TASK PROMPT:
For this exercise, an exact copy is needed of only the lines from the one containing "Eyoyo Fishing Camera" through the end of the data, with pictures left out.

GIVEN DATA Start Marker

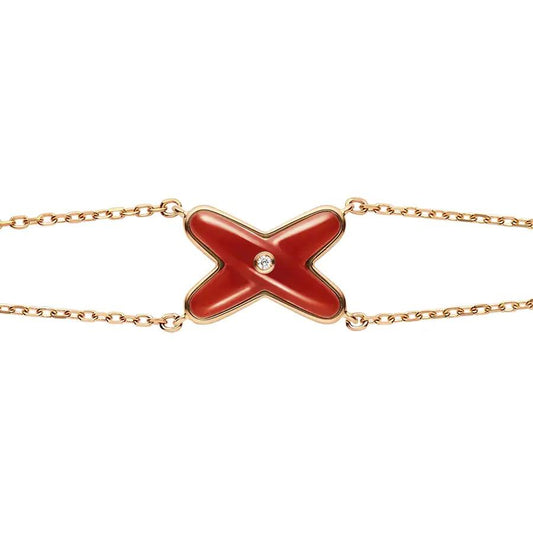 [Love Aura]JEUX BRACELET CARNELIAN PINK GOLD 1 DIAMOND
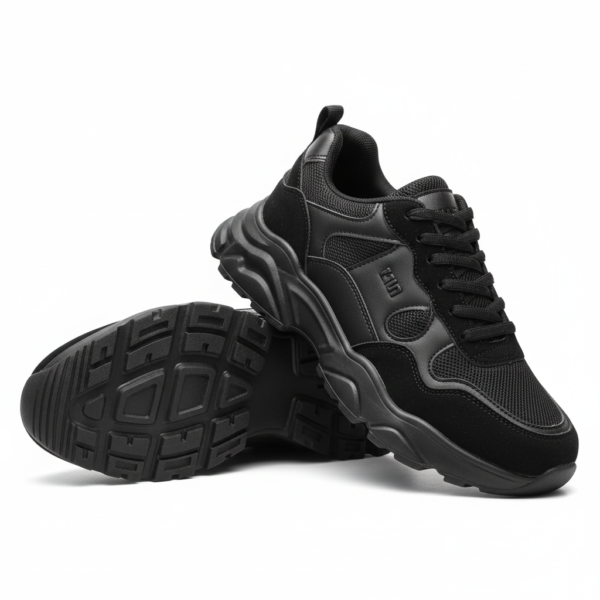 Men Black Breathable Lightweight Casual Sneakers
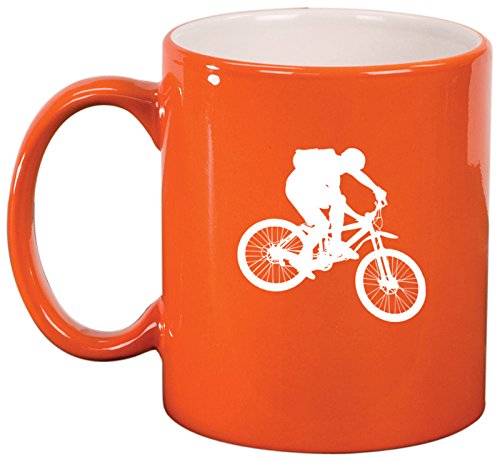 Ceramic Coffee Tea Mug Cup Mountain Biker Bike (Orange)
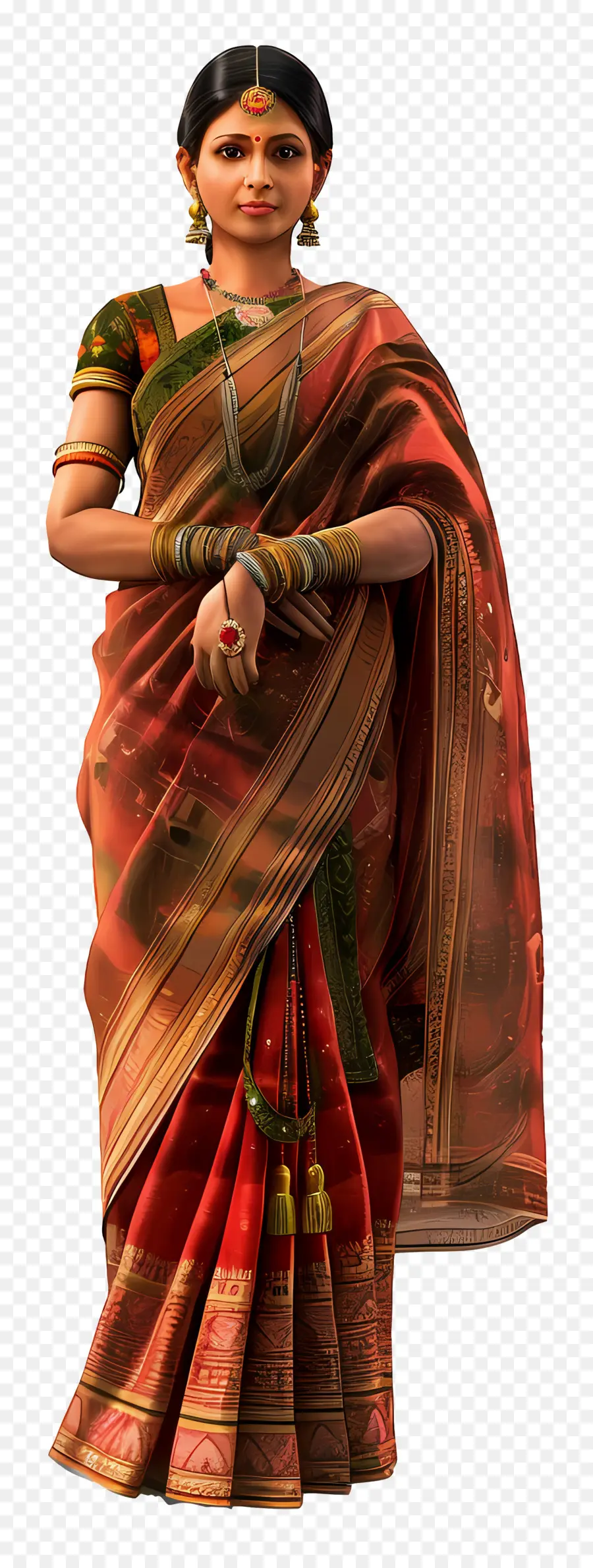 Mujer Gujarati India，Mujer En Traje Tradicional PNG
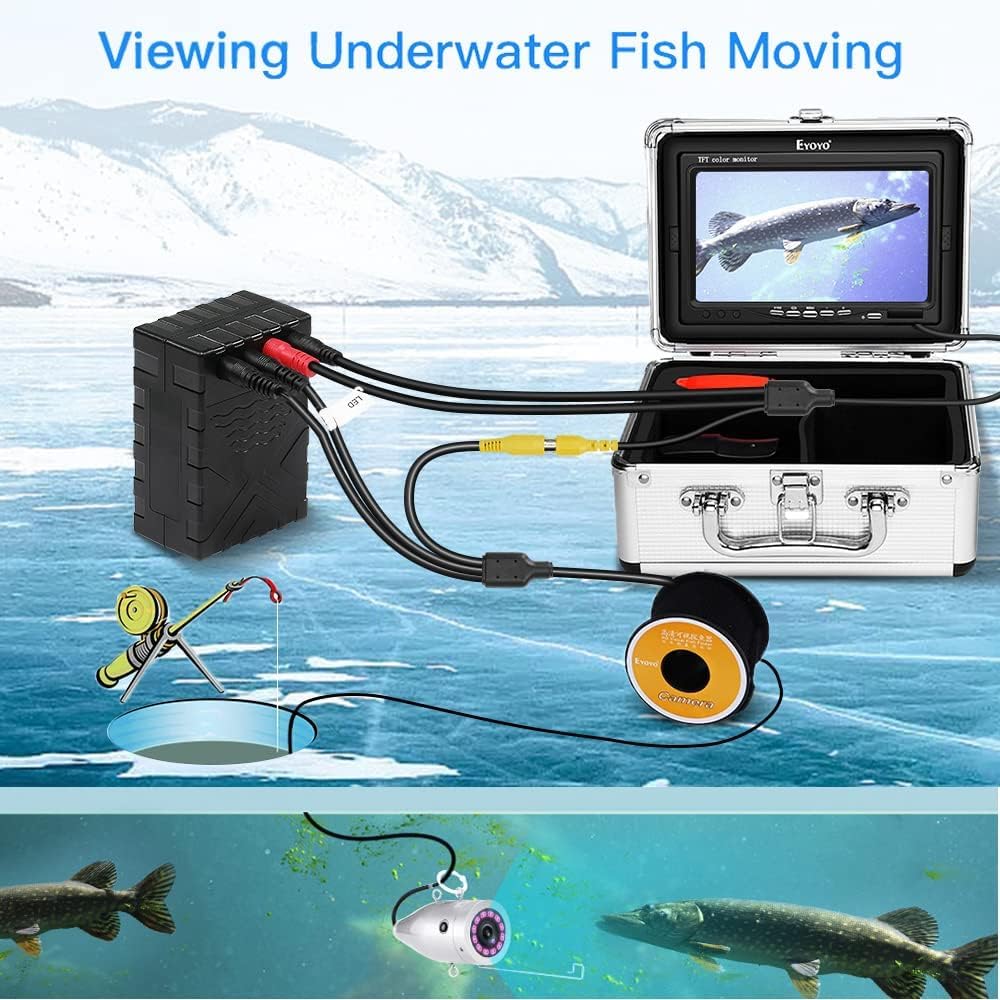 Eyoyo Fishing Camera Video Fish Finder 7 inch LCD Monitor 1000TVL Camera 12pcs IR Lights DVR+8GB with 30m Cable for Ice Lake Boat Fishing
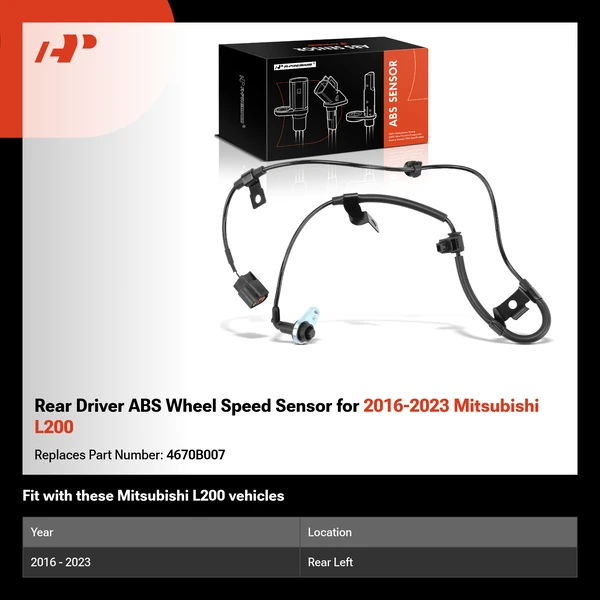 Rear Driver ABS Wheel Speed Sensor for 2016-2023 Mitsubishi L200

GIVEN DATA End Marker

SOLUTION FOR THIS TASK:
 Eyoyo Fishing Camera Video Fish Finder 7 inch LCD Monitor 1000TVL Camera 12pcs IR Lights DVR+8GB with 30m Cable for Ice Lake Boat Fishing
 Rear Driver ABS Wheel Speed Sensor for 2016-2023 Mitsubishi L200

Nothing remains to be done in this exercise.